KUSURSUZ CİNAYET
Gülüşler vermiştim her insana bir çeşit,
Derin aşksızlık kurduğu özel timle her bir gülüşümün peşine düştü, önce öylesine gülüşümü katlettiler.
Sonra kadınlar için biriktirdiklerimin kafasına sıktılar. Sonra kuşlara, kedilere, farelere her bir canlıya verdiğim gülüşlerimi vurdular. Her bir gülüşüm faili meçhul cinayetlere kurban gitti.
Umutlarıma sarıldım sıkı sıkıya, aşksızlar onların da peşine düştüler.
Bir umudum evde gözünden vuruldu. Bir umudum sokak ortasında sırtından vuruldu.
Bir umudum saatlerde hançerlendi.
Bir umudum uzun siyah saçların her bir telinde öldü.
Bir güne sığdı tüm ölümler.
Hayallerimi alıp kaçtım. İzimi bir süre kaybettirdim.

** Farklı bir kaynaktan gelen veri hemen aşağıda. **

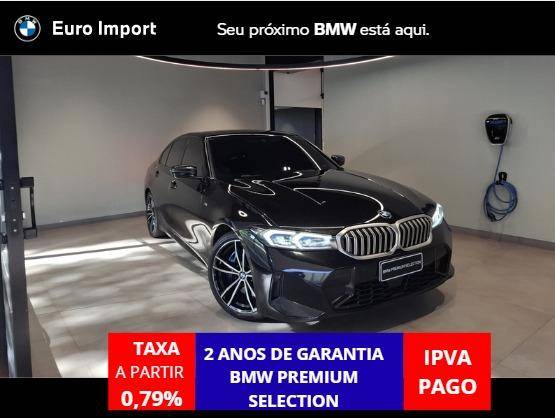 BMW 320i 2.0 16V TURBO FLEX M SPORT AUTOMÁTICO BMW 320i 2.0 16V TURBO FLEX M SPORT AUTOMÁTICO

Deniz kenarında bir balıkçı barınağına sığındım. Hayallerimle mutluyduk. Uzun sürmedi yakalanmamız. Hayallerimi denizin dibine sürüklediler orada boğdular acı içinde can verdiler. Gözleri açık gitti.

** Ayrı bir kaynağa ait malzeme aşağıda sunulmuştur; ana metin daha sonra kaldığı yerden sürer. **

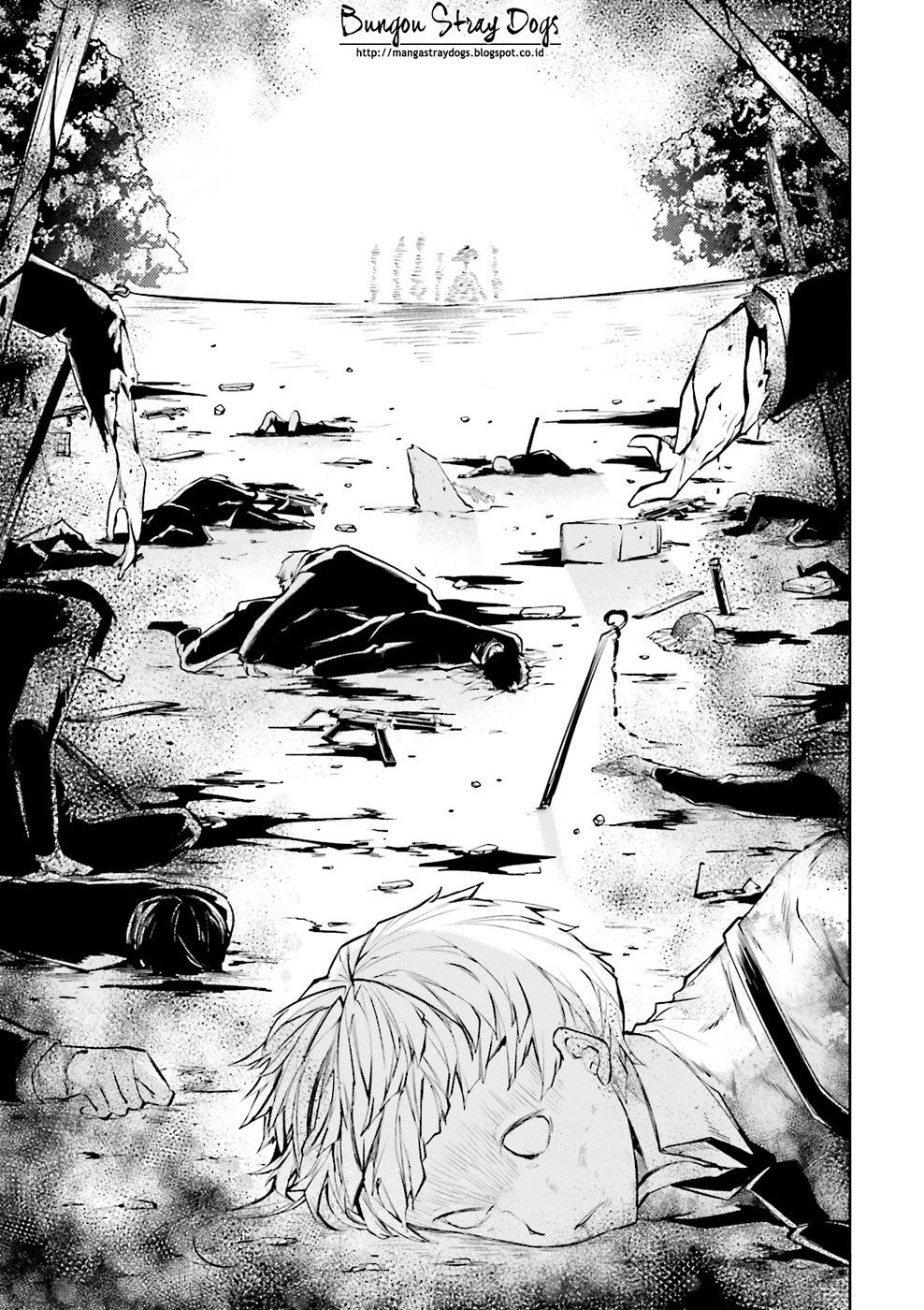 Bungou Stray Dogs Bab 18 halaman 40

Ben aşkımla birlikte kaçmayı başardım. Çok uzaklara yelken açtık. Peşimizden gelmediklerinden emindim.
Tam tamına 40 kış mevsimi aşkımla yaşadım. Ama kaçışlarımızda bıraktığım izleri takip etmişlerdi.
Kuala Lumpur’da kıstırdılar. Aşkımı kopardılar çektiler aldılar benden. Başına çuval geçirdiler ellerini bağladılar. Ayaklarını bağladılar.
Şehir dışına götürdüler. Beni de aldılar oraya götürdüler. Aşkımı bir direğe bağladılar. Karşısına geçtiler. Nişan aldılar.. hep bir ağızdan öl dediler. Aşkımı öldürdüler. Bana da zorla izlettiler.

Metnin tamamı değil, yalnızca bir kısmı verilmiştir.